Planning Your Data Protection
SHIELD can perform Cassandra backups in a few different ways, depending on your network throughput, access control, and personal preferences.
Local Agent
The simplest method is to run the SHIELD agent on the same box as
Cassandra, and connect to it over the loopback address, 127.0.0.1.
If you want to protect more than one host, you can install the agent on each. They will all then register with the SHIELD instance, with different identities, and you can configure backup jobs for each of them.
Remote Agent
You can also run the SHIELD agent somewhere else, and configure your backup jobs to connect to the Cassandra host(s) over TCP, using either their public IPs, or (if you have configured them) internal Linode IPs.

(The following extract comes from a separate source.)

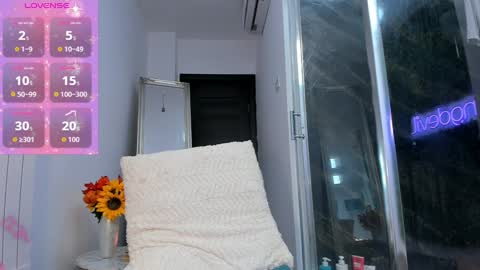 hotfallingdevil online show from October 3, 11:18 am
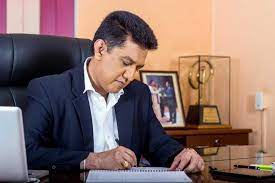 චරිතගෙන් ජනපතිට ලිපියක්!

This can be useful if you'd rather not load additional software on your database host(s). You can also reuse the external agent to protect multiple Cassandra instances, since your backup jobs will specify the IP address of each.
This setup also allows you to provision large scratch spaces for the Cassandra SHIELD data plugin to use, and avoid having to reserve dedicated temporary disk space on a fleet of data nodes.
System Prerequisites
SHIELD uses native database tooling to perform backup and restore operations against Cassandra. For this to work, you will need to install the following tools, matched to the version of Cassandra you are running:
- nodetool for orchestrating Cassandra's built-in snapshot system.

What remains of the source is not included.